China’s wind power industry barely noticed the international financing crisis, doubling installations in 2008  for the fifth year in a row. Readers of Carbon-Nation shouldn’t be surprised, as we have already documented the state and market share-driven industry’s insensitivity to quaint financial targets such as profitability. What may ultimately check China’s seemingly unstoppable wind power surge is the capacity of its power grids to absorb the resulting energy.

China wind capacity-factor projection. Credit Michael McElroyThat conclusion emerges when one examines a report in Science last week by researchers at Harvard’s Kennedy School of Government and Beijing’s Tsinghua University, which combines meteorological and engineering models to predict that wind farms could meet all new electricity demand in China through 2030 at reasonably low cost. My coverage of the report, published yesterday by MIT’s Technology Review.com, concludes that China’s grid is the key hurdle to realizing this bold prediction, noting hopefully that China is already leading the world in the development of high voltage direct current (HVDC) transmission technology — the sort needed to share variable renewable energy sources such as wind power on a trans-continental scale, thereby minimizing the power supply’s vulnerability to regional weather patterns.

Analysts, however, doubt that China can build such renewables-ready supergrids fast enough to replace anticipated additions of coal and nuclear power, as projected by the Harvard-Tsinghua report. Caitlin Pollock, who prepares Asia wind market forecasts for Cambridge, MA-based consutancy Emerging Energy Research, says grid challenges make the growth level proposed “unfeasible and unlikely.” She notes that grid integration already lags wind-farm installation: “While China’s wind market has indeed doubled for the past two years, approximately 30% of this new capacity remained unconnected to the grid at the end of each year.” Continue reading “China’s Grid-Limited Wind Energy Potential”

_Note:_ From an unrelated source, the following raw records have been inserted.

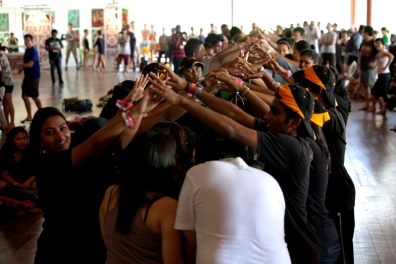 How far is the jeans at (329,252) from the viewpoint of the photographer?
3377 millimetres

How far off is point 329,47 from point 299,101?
1589cm

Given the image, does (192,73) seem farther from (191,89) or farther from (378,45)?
(378,45)

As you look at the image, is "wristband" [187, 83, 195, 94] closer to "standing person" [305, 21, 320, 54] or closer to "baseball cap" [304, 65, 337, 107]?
"baseball cap" [304, 65, 337, 107]

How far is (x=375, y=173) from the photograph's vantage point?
26.4 feet

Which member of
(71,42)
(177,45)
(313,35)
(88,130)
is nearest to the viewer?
(88,130)

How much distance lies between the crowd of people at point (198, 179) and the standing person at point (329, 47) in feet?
46.3

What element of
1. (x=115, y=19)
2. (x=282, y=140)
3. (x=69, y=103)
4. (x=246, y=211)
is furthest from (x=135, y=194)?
(x=115, y=19)

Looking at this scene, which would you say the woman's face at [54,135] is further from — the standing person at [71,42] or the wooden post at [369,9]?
the standing person at [71,42]

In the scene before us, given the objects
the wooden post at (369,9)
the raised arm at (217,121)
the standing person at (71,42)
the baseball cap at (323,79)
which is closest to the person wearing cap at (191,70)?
the baseball cap at (323,79)

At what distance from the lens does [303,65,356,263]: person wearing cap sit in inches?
160

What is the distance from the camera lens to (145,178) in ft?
8.62

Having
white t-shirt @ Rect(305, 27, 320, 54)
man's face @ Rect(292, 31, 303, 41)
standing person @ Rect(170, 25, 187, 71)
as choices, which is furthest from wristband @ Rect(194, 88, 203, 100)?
white t-shirt @ Rect(305, 27, 320, 54)

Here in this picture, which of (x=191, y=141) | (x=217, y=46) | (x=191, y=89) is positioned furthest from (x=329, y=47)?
(x=191, y=141)

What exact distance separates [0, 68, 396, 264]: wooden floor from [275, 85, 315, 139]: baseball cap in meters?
2.45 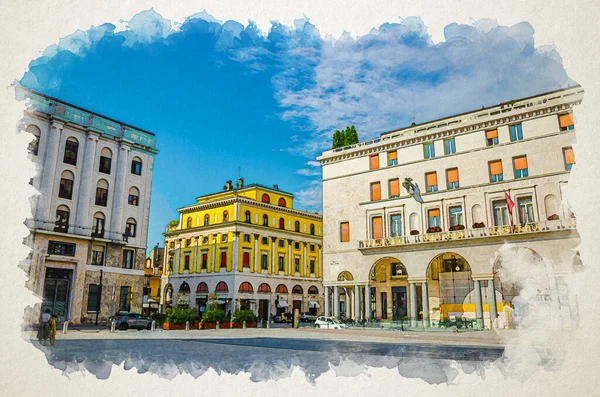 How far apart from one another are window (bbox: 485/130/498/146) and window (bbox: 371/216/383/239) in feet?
10.5

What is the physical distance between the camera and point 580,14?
721cm

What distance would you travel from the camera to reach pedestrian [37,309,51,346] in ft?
22.3

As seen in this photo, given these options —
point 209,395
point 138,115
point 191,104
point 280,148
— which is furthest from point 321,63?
point 209,395

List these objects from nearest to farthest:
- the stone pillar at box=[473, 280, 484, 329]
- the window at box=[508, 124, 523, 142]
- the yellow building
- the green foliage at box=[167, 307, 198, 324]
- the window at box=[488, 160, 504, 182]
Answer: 1. the window at box=[508, 124, 523, 142]
2. the stone pillar at box=[473, 280, 484, 329]
3. the window at box=[488, 160, 504, 182]
4. the green foliage at box=[167, 307, 198, 324]
5. the yellow building

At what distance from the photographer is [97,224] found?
8.41 meters

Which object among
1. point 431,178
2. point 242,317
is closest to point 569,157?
point 431,178

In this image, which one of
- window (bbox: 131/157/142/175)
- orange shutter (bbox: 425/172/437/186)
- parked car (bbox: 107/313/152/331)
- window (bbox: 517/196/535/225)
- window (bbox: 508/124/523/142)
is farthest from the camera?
orange shutter (bbox: 425/172/437/186)

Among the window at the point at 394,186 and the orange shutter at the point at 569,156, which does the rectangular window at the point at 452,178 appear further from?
the orange shutter at the point at 569,156

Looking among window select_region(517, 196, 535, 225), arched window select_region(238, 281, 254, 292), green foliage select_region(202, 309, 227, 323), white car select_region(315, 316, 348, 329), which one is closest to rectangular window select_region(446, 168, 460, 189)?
window select_region(517, 196, 535, 225)

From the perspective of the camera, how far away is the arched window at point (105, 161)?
8448 mm

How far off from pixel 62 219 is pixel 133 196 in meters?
1.48

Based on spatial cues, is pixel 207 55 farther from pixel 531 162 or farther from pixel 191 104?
pixel 531 162

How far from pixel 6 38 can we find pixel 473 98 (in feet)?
26.7

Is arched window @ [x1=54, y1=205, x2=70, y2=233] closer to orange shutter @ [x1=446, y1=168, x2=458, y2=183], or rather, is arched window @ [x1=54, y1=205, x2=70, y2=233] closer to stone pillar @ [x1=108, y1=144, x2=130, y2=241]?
stone pillar @ [x1=108, y1=144, x2=130, y2=241] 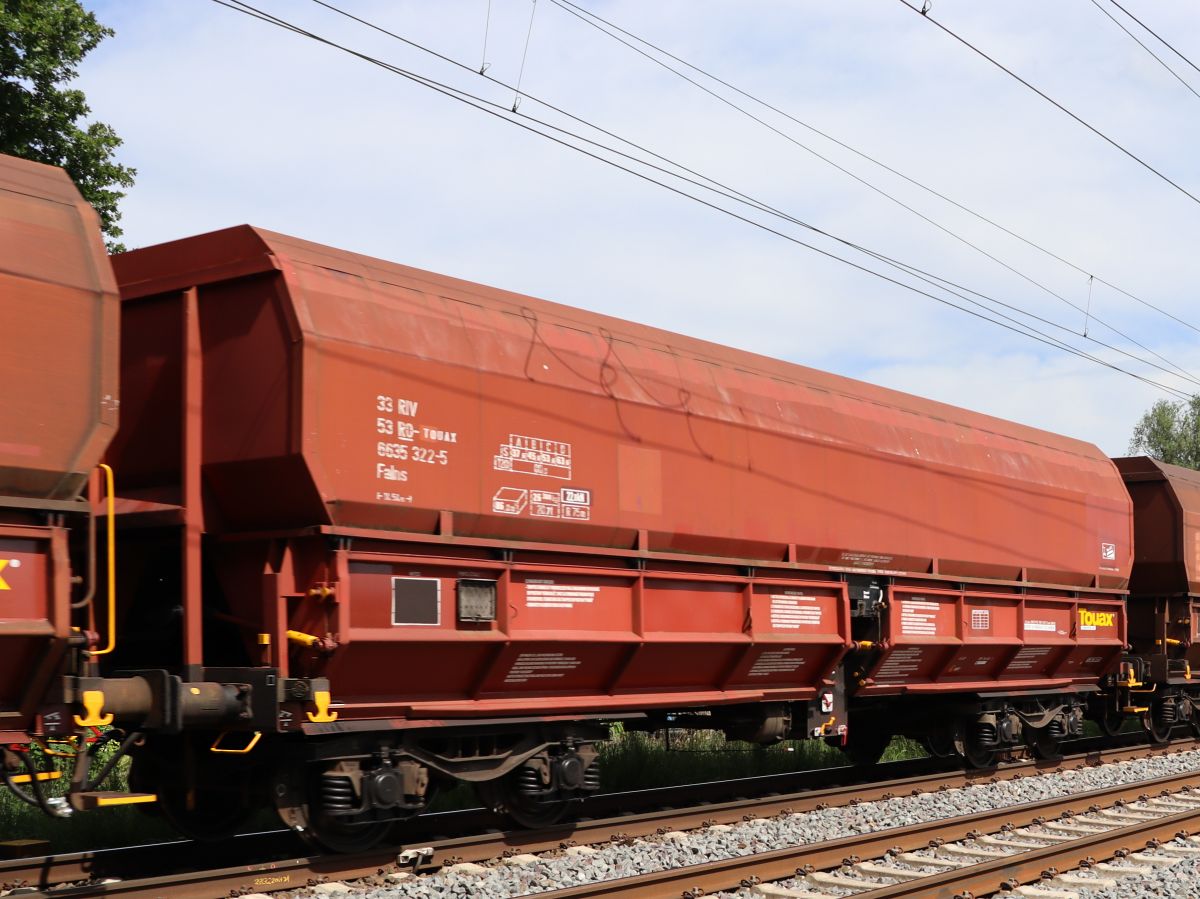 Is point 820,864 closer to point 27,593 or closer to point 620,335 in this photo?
point 620,335

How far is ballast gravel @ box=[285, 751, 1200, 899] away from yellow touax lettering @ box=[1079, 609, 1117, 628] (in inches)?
109

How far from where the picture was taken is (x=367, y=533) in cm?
911

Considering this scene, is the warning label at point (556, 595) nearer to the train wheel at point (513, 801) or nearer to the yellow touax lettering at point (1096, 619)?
the train wheel at point (513, 801)

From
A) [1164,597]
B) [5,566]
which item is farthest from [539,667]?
[1164,597]

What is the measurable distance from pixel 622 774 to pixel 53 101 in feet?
48.7

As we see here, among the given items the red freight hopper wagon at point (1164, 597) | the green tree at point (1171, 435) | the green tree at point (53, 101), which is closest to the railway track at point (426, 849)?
the red freight hopper wagon at point (1164, 597)

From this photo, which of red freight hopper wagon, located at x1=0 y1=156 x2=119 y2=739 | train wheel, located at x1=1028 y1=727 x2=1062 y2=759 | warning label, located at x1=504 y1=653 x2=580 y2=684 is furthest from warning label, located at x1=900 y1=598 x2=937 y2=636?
red freight hopper wagon, located at x1=0 y1=156 x2=119 y2=739

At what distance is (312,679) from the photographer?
Result: 8891 millimetres

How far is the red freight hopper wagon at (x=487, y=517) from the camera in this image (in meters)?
9.04

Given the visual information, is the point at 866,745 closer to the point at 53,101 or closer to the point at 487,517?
the point at 487,517

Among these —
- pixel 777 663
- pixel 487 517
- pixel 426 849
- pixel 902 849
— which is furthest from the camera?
pixel 777 663

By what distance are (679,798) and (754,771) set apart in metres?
3.71

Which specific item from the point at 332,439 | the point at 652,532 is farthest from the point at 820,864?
the point at 332,439

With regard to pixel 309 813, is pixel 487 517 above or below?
above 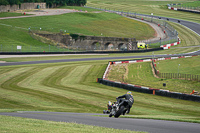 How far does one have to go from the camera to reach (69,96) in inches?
1088

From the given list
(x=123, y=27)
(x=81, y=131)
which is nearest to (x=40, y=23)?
(x=123, y=27)

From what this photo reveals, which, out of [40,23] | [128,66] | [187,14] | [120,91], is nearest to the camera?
[120,91]

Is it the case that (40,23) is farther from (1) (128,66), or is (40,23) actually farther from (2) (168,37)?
(1) (128,66)

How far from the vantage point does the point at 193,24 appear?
109562 millimetres

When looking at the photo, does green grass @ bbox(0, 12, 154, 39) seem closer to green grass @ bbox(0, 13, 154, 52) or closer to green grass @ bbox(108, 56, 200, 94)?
green grass @ bbox(0, 13, 154, 52)

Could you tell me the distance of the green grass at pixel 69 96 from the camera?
74.3 feet

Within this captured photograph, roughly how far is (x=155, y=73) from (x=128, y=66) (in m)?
7.04

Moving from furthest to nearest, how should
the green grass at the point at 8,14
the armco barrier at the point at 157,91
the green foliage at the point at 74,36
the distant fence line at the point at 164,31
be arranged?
the green grass at the point at 8,14, the distant fence line at the point at 164,31, the green foliage at the point at 74,36, the armco barrier at the point at 157,91

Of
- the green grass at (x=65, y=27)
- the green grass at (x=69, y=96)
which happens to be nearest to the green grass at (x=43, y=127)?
the green grass at (x=69, y=96)

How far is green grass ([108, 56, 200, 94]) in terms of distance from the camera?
34.0 m

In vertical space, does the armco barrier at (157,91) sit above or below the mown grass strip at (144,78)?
above

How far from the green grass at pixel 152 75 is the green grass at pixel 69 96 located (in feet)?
12.6

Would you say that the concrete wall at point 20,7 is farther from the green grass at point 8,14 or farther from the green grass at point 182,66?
the green grass at point 182,66

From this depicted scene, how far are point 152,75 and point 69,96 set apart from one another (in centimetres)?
1767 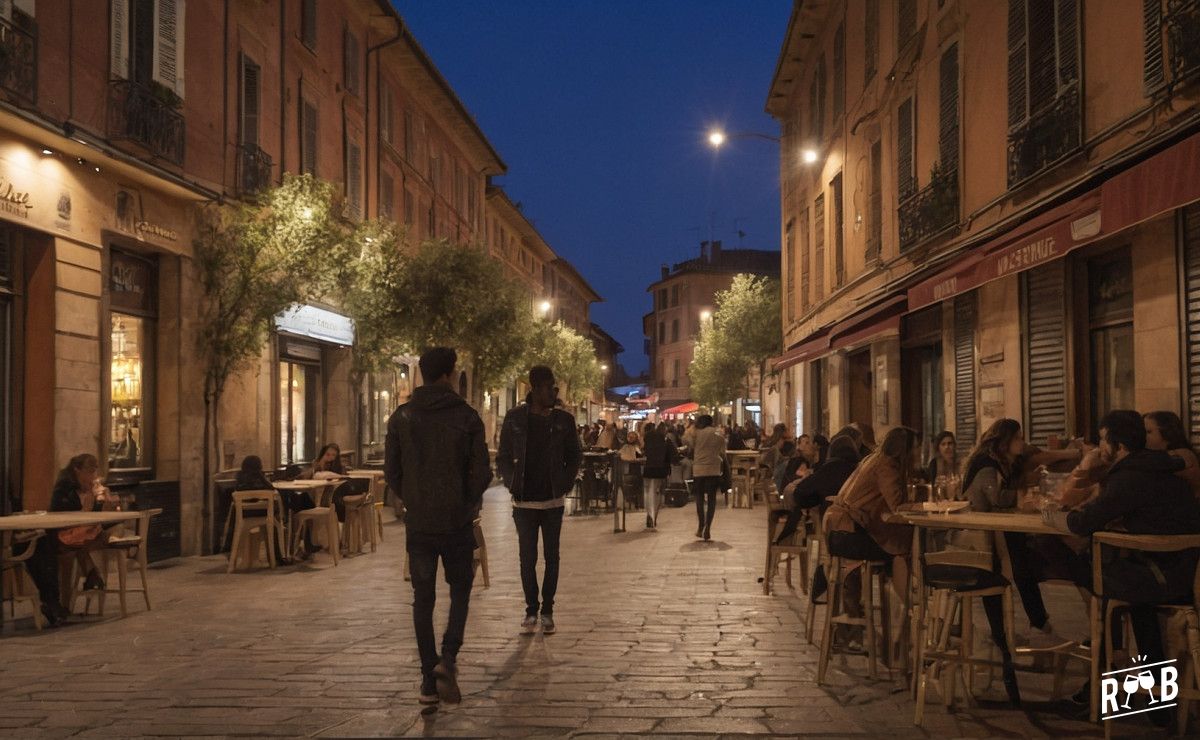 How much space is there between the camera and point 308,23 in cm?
1925

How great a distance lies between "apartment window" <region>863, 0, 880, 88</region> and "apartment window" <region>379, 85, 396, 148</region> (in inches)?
413

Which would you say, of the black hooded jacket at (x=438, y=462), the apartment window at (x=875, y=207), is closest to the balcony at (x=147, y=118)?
the black hooded jacket at (x=438, y=462)

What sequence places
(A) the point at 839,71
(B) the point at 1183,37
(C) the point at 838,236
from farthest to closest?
(C) the point at 838,236, (A) the point at 839,71, (B) the point at 1183,37

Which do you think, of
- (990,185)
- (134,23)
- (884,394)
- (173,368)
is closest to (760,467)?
(884,394)

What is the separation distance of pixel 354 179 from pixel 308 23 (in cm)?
353

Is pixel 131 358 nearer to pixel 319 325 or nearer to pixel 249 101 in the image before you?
pixel 249 101

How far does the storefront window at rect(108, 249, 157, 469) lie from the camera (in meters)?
13.1

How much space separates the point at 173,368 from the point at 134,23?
412 cm

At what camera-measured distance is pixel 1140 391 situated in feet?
31.3

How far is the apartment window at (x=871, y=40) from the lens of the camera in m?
18.3

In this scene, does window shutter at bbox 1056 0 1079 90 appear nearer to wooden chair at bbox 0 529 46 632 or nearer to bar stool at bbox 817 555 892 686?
bar stool at bbox 817 555 892 686

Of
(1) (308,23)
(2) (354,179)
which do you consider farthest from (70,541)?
(2) (354,179)

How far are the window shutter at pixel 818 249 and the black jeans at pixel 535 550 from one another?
54.4ft

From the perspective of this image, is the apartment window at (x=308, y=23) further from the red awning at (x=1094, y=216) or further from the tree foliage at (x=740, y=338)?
the tree foliage at (x=740, y=338) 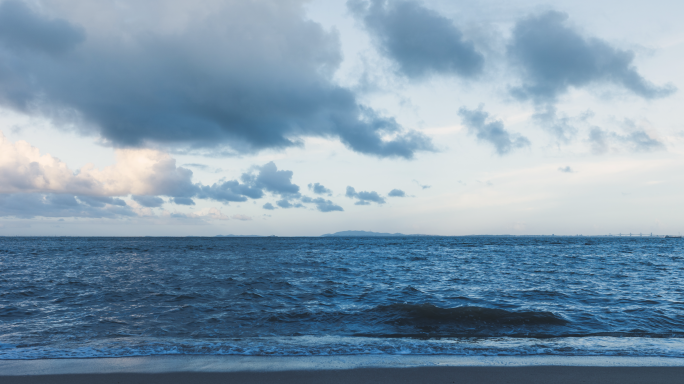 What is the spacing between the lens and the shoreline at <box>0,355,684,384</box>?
7806 millimetres

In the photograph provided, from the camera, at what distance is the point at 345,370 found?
834cm

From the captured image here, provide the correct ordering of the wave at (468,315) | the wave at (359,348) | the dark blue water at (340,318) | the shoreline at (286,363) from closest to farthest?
the shoreline at (286,363), the wave at (359,348), the dark blue water at (340,318), the wave at (468,315)

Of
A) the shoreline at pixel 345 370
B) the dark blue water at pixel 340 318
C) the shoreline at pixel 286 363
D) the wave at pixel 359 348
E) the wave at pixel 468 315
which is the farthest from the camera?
the wave at pixel 468 315

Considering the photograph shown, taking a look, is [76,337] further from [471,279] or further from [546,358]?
[471,279]

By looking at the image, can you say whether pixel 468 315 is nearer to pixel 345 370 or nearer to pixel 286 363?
pixel 345 370

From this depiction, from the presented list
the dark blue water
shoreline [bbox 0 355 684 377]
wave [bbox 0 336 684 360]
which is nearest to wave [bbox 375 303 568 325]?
the dark blue water

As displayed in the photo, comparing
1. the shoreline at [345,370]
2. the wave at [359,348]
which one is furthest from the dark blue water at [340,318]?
the shoreline at [345,370]

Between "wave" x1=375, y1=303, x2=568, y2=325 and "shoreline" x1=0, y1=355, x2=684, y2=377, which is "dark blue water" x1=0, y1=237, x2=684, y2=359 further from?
"shoreline" x1=0, y1=355, x2=684, y2=377

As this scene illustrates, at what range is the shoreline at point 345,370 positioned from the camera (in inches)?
307

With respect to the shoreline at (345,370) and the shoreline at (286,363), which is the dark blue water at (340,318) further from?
the shoreline at (345,370)

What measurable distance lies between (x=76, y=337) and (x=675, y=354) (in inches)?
716

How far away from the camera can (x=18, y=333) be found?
12.2 meters

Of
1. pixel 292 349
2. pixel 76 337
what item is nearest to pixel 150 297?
pixel 76 337

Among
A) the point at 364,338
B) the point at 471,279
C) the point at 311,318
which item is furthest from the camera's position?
the point at 471,279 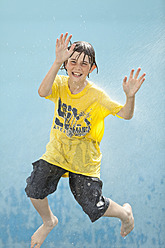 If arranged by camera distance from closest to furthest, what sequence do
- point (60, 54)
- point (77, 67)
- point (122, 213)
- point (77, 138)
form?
1. point (60, 54)
2. point (77, 67)
3. point (77, 138)
4. point (122, 213)

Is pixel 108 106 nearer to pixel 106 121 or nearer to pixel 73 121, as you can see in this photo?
pixel 73 121

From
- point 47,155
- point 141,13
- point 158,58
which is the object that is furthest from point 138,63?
point 47,155

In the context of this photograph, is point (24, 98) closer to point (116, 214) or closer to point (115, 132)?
point (115, 132)

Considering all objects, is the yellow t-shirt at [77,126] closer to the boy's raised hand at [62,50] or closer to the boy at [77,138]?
the boy at [77,138]

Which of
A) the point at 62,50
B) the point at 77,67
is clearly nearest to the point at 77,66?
the point at 77,67

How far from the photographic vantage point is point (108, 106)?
1.79 m

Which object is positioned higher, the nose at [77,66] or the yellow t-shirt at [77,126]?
the nose at [77,66]

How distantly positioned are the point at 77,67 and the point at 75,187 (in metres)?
0.60

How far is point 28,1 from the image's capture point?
3.34 meters

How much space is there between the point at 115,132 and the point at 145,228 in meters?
0.78

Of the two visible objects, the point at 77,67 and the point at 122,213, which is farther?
the point at 122,213

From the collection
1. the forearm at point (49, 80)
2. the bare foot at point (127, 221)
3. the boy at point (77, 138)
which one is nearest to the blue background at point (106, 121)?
the bare foot at point (127, 221)

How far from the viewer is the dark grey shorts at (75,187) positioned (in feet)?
6.03

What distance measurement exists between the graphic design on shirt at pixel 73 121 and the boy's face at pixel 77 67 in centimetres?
15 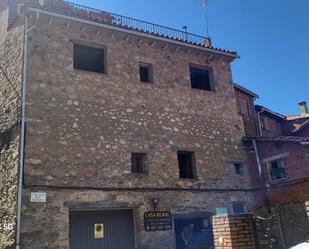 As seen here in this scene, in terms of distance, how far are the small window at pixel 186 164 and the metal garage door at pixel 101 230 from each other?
2689mm

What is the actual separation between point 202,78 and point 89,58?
17.0ft

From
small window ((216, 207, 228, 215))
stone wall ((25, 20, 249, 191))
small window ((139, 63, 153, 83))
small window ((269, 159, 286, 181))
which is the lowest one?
small window ((216, 207, 228, 215))

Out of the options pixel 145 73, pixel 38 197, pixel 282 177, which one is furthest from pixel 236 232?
pixel 282 177

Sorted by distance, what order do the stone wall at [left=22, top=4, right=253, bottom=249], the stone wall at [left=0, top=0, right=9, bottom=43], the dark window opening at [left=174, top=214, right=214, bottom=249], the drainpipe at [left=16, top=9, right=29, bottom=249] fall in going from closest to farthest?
the drainpipe at [left=16, top=9, right=29, bottom=249], the stone wall at [left=22, top=4, right=253, bottom=249], the dark window opening at [left=174, top=214, right=214, bottom=249], the stone wall at [left=0, top=0, right=9, bottom=43]

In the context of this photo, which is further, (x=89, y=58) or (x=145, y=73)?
(x=145, y=73)

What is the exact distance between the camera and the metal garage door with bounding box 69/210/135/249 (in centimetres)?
1118

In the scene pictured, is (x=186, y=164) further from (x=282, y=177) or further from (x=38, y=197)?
(x=38, y=197)

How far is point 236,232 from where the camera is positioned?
20.5 feet

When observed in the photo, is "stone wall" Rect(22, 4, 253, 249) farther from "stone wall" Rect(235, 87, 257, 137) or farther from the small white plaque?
"stone wall" Rect(235, 87, 257, 137)

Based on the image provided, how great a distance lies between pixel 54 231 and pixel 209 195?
Result: 5.86m

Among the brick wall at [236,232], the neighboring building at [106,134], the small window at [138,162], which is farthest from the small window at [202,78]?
the brick wall at [236,232]

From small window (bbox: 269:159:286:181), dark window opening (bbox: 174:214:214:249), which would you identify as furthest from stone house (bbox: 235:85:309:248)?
dark window opening (bbox: 174:214:214:249)

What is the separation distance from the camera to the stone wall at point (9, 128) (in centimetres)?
1052

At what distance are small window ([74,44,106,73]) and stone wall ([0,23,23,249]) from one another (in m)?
1.92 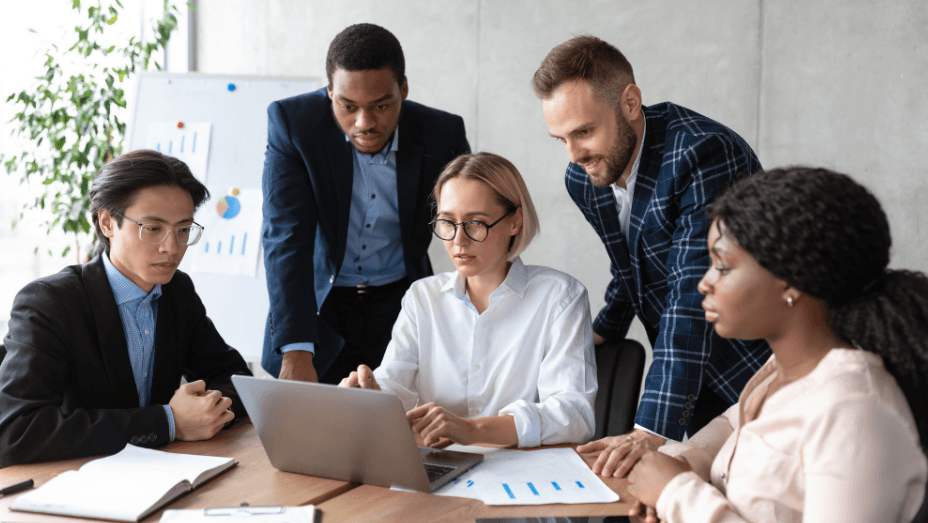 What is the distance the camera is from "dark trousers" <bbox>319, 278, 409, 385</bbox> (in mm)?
2572

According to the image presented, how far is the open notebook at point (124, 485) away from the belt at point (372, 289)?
3.61 ft

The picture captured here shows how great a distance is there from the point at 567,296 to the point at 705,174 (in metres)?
0.47

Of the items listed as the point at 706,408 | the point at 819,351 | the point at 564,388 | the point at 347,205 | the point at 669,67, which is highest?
the point at 669,67

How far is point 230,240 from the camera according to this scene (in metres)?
3.41

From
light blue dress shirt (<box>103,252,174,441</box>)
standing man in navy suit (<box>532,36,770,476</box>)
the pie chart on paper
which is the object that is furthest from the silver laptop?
the pie chart on paper

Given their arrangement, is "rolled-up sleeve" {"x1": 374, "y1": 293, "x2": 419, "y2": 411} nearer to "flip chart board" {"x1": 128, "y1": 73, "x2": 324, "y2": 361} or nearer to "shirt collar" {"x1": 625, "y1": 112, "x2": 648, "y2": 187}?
"shirt collar" {"x1": 625, "y1": 112, "x2": 648, "y2": 187}

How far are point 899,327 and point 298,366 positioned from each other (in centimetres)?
166

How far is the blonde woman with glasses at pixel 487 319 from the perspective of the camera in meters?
1.93

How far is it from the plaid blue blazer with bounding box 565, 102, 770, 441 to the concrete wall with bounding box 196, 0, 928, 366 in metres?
1.64

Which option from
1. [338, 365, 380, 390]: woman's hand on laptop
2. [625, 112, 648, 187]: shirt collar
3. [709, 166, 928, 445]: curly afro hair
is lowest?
[338, 365, 380, 390]: woman's hand on laptop

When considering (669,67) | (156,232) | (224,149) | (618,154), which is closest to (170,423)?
(156,232)

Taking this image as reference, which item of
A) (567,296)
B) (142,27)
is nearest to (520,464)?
(567,296)

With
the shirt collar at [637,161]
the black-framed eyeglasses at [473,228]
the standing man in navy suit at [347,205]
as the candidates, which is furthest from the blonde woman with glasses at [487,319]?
the standing man in navy suit at [347,205]

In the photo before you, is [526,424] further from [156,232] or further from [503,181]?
[156,232]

China’s Wind Surge Ignores Financial Mess

The global wind power industry is bottoming out thanks to the global financing crisis. Everywhere but China, that is, according to a research update issued this week by consultancy Emerging Energy Research (Cambridge, MA).

EER adds up the impact of “a steady flow of wind industry CAPEX reductions, project postponements, order cancellations, and corporate downsizings on a scale never seen before in this relatively young segment of the energy sector.” They forecast a 24% decline in megawatts installed in the US this year over 2008, and a 19% decline in Europe.

Then there’s China, which EER calls “the only major market left standing in the face of the crisis.” EER projects a 59% jump in megawatts added there in 2009 — enough to make up for the U.S. and European losses.

Carbon-Nation readers will recall our June 2008 reporting on China’s wind sector that was already, then, notable for (a) its “endurance in the face of below-cost pricing” and, (b) low quality assurance that had even its trade association calling for slower growth. Looks like its too late for the latter.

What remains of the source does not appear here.